Nach langer WM-Pause war gestern um 20:15 endlich wieder Tatort-Zeit in der ARD. Da ein Wiener Tatort auf dem Programm war, war ich frohen Mutes und voller Vorfreude, schließlich bin ich vom ORF bislang noch nicht enttäuscht worden. Und auch “Operation Hiob” war, trotz einiger Ungereimtheiten, ein spannender und unterhaltsamer Fall. Harald Krassnitzer als Hauptkommissar Moritz Eisner ist einer der charismatischsten und überzeugendsten Tatort-Ermittler und auch sein Sidekick Inspektor Bernhard Weiler (gespielt von Heribert Sasse) gefiel mir als grummelnder Bald-Pensionär recht gut.
Was habe ich unter “einige Ungereimtheiten” verbucht? Der eigentliche Mord an den Drogenkurieren (oder Sicherheitsleuten oder… was auch immer) geriet viel zu schnell in den Hintergrund und die gut dargestellte Ermittlungsarbeit Eisners und Weilers diente letztlich nur als Lückenfüller für die Hauptstory um den V-Mann Niko (oder Ninko?) und dessen Operation, die auch eponym für den Titel des Tators war. Hiob selbst war aber freilich Eisner: Unfreiwillig wurde er plötzlich Teil dieses Einsatzkommandos und musste dann auch noch mit seinem Privatleben für die Sicherheit des Ablaufs sorgen.
Und da ist die zweite, größere Ungereimtheit: Mir ist es als Zuschauer nicht ganz klar geworden, warum Dr. Ziu (was ein Name…) solch ein Interesse an Eisners Privatleben hat. Damit er ihn im Notfall erpressen kann? Damit er einen neuen Kunden gewinnen kann? Schließlich schien es so, als würde Eisners Tochter dem V-Mann zugespielt werden, damit dieser eine glaubwürdige Quelle für sein Polizeiwissen bei seinem Chef vorweisen konnte. Aber: Wieso? Das hätte man doch wesentlich einfacher lösen können; letztlich ist dieser Versuch ja aufgeflogen.

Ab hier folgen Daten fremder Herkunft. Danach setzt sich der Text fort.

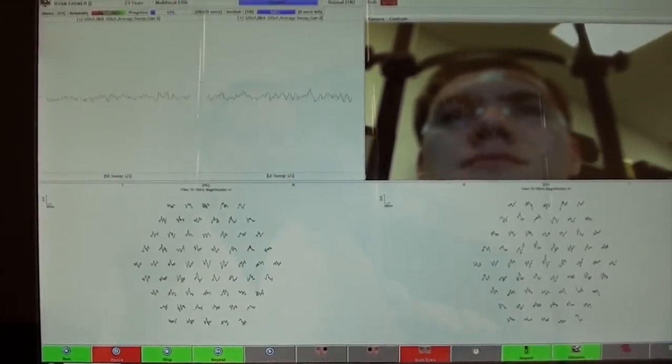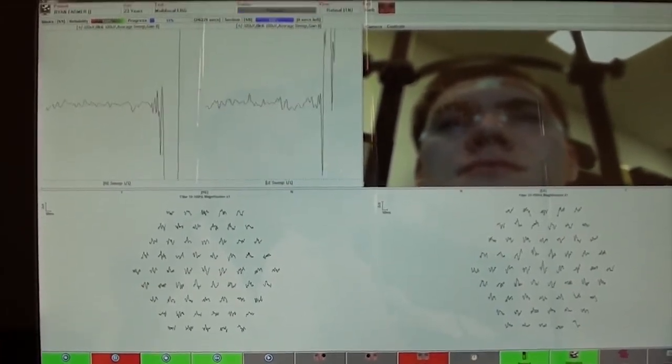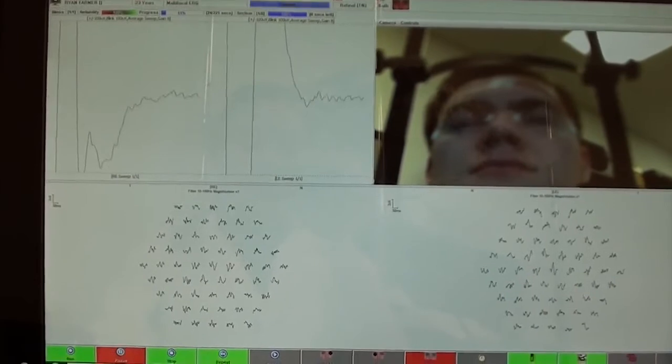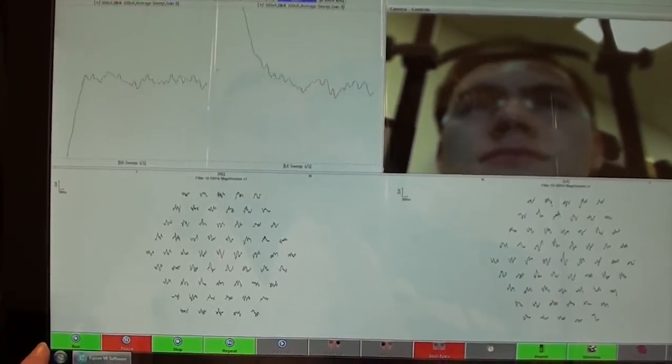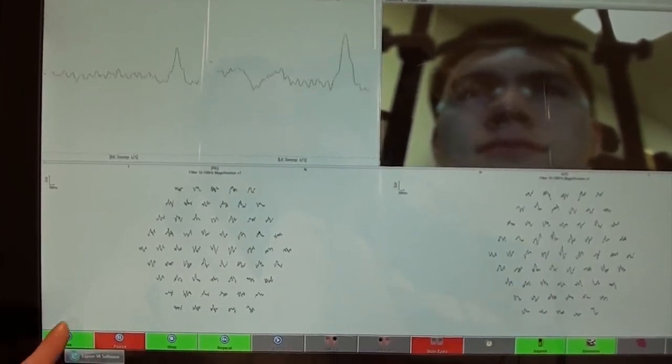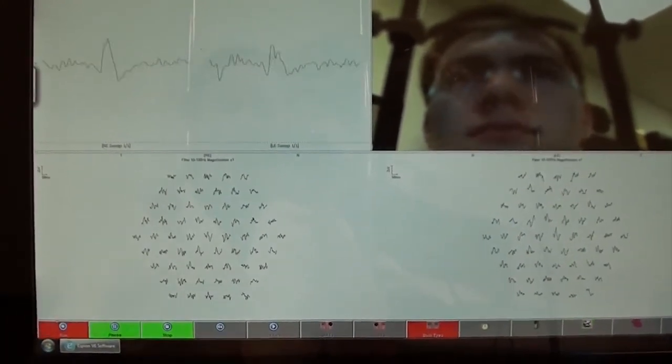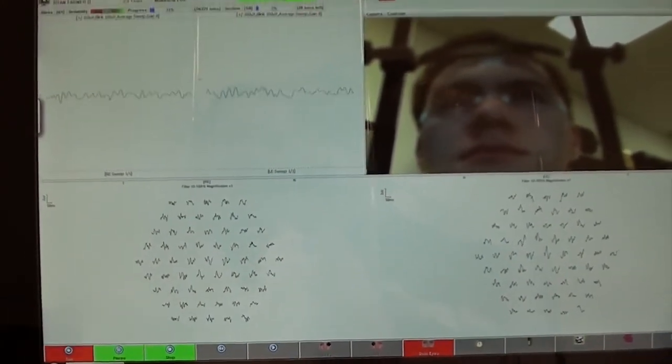We ask our patient to blink. Three, two, one. Click run to continue going on with the test.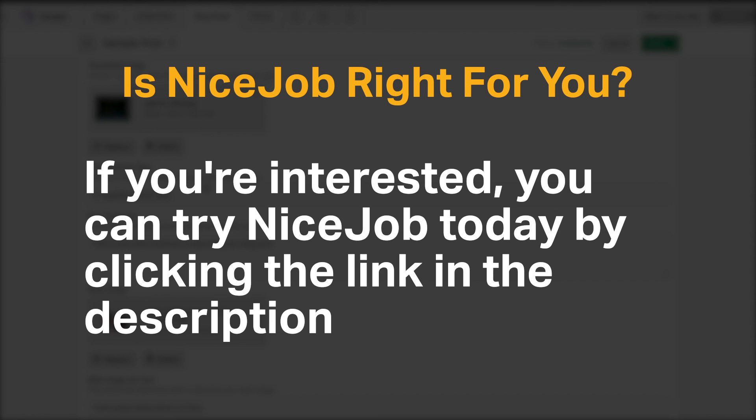Do you agree with our recommendation for NiceJob? We would love to hear your thoughts in the comments below, and if you enjoyed our content, please like and subscribe.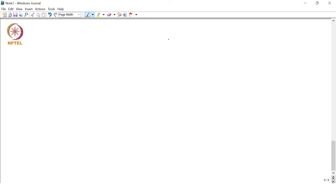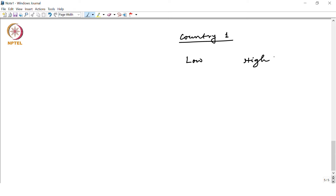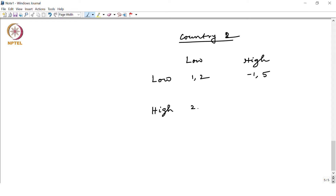So let us say this is low pollution for country 1. These are the strategies for country 1: low pollution and high pollution. Similarly, for country 2 — we put country 1 on the left side — they also have low and high strategies. The payoffs are: (1, 2), (-1, 5), (2, -3), and (0, 0). This is the payoff for country 2, and this is for country 1.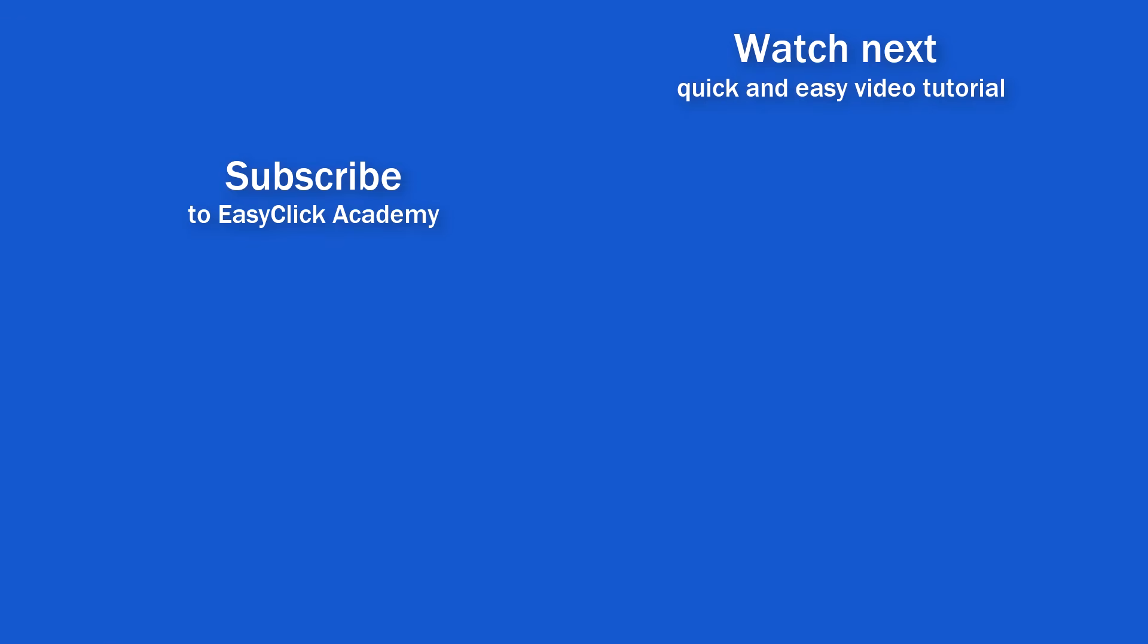If you found this video helpful, like us and subscribe to receive more videos from EasyClick Academy. Watch more videos that help you use Excel quick and easy. Thanks for watching! See you in the next video!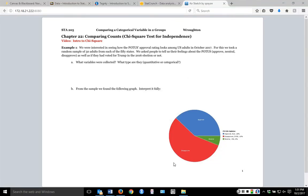On this new set of notes, we're going to be comparing categorical variables. To understand how this is going to be different from what we were doing before, we're going to start by looking at what we were doing before. We're looking at the President of the United States' approval rating among U.S. adults in October of 2017.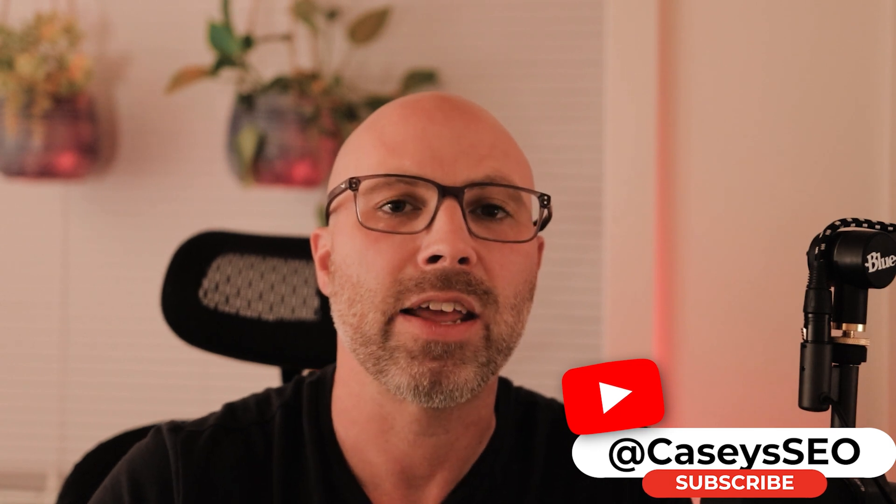If you have any questions or comments, please leave those below. And if you like this tip or need more SEO tips, make sure to hit that subscribe button. Thank you.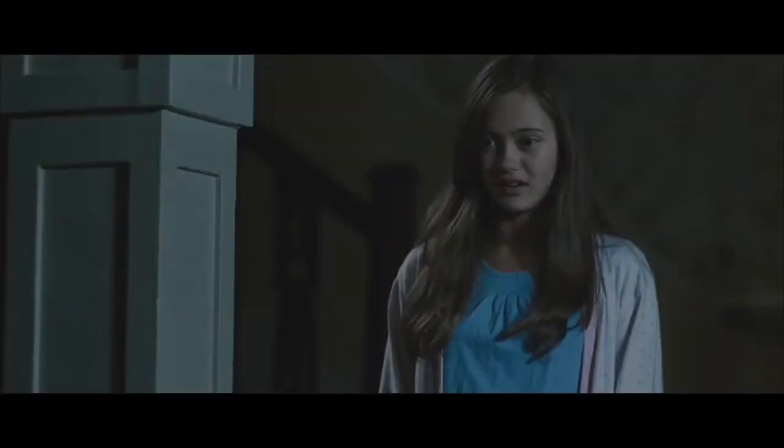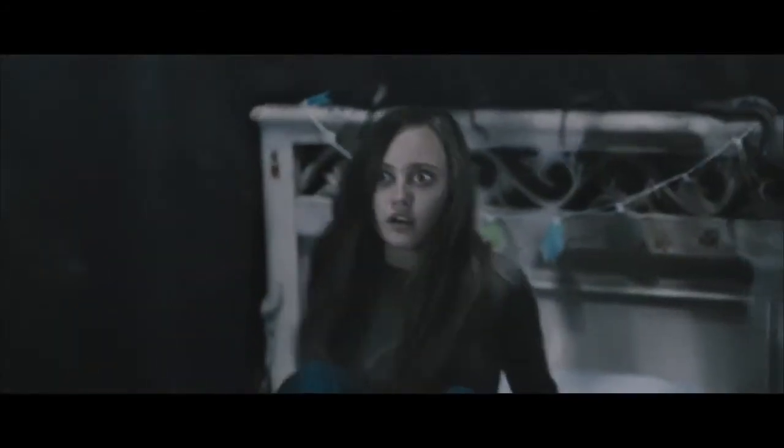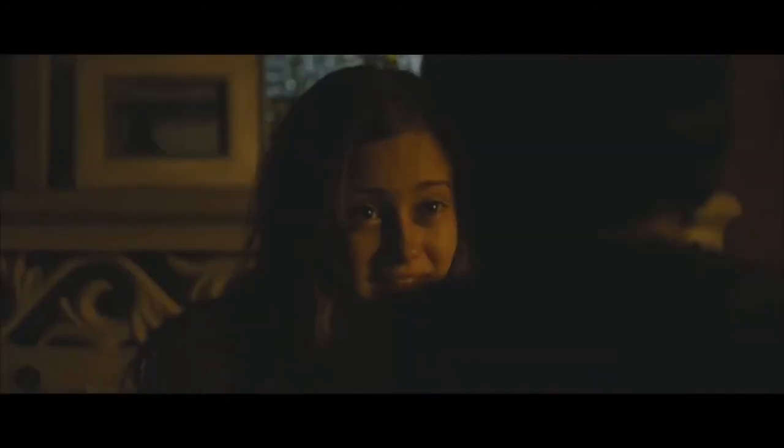You okay, sweetheart? I had a nightmare. What was it about? He spies on me when I'm asleep. There's nobody here. It's just you and me. He's here. He's inside.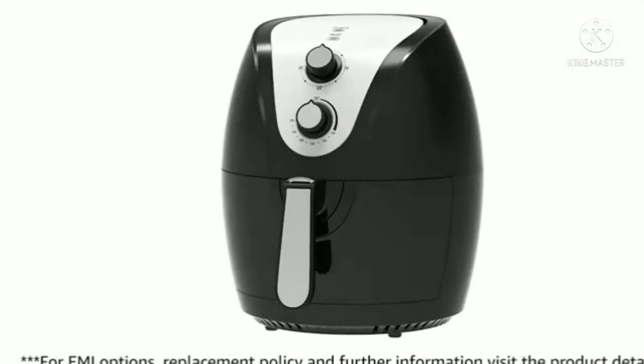For EMI options, replacement policy and further information, visit the product detail page.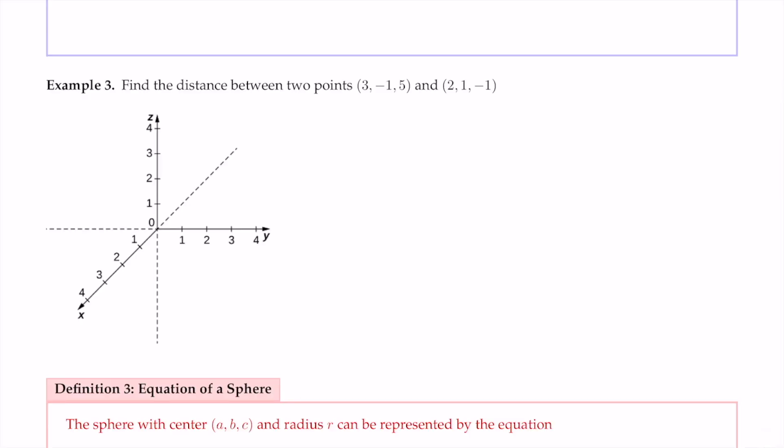In example 3, we want to find the distance between the points (3, -1, 5) and (2, 1, -1). We can use the formula directly, but let's also practice locating these two points in 3D space. Starting with (3, -1, 5): for x = 3, start at the origin and go in the positive x direction to 3.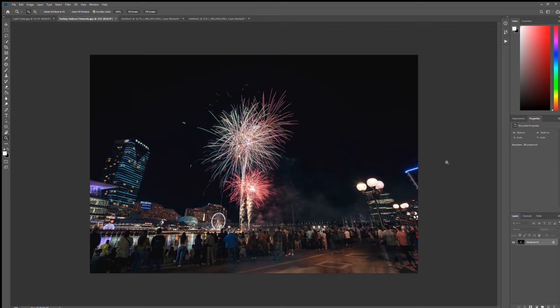So that was just a very short and sweet tutorial on how you can use the lighten blend mode to make your long exposures, especially fireworks and light trails, look a little bit more interesting. If you did enjoy this video, make sure to subscribe and head over to photographyenthusiast.com to see more tutorials and then listen to my podcast. There will be a link in the notes below if you do want to go check it out. Thank you very much for watching, bye.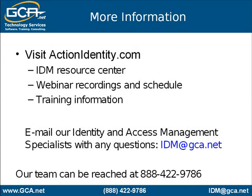For more information on identity and access management solutions, please visit our partner website at actionidentity.com. If you have a question, please email our identity and access management specialists at idm at gca.net.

Der Tatort hätte gut daran getan, diesen Subplot, der sich ja empfindlich auf den großen Handlungsstrang ausgewirkt hat, ein wenig besser zu erklären. So blieben die ganzen Fragen in meinem Hinterkopf, während die saubere Dynamik des Geschehens über die Bühne fegte. Schlussendlich gab es auch keine Erklärung für das lange Fortbleiben von Tochter Claudia – am Ende war sie einfach wieder da. Prima. Aber sonst war ich ganz zufrieden, was vielleicht auch an der Durststrecke lag, die ich WM-bedingt überwinden musste. Aber das scheint ja wohl erstmal die letzte Großveranstaltung in diesem Jahr gewesen zu sein.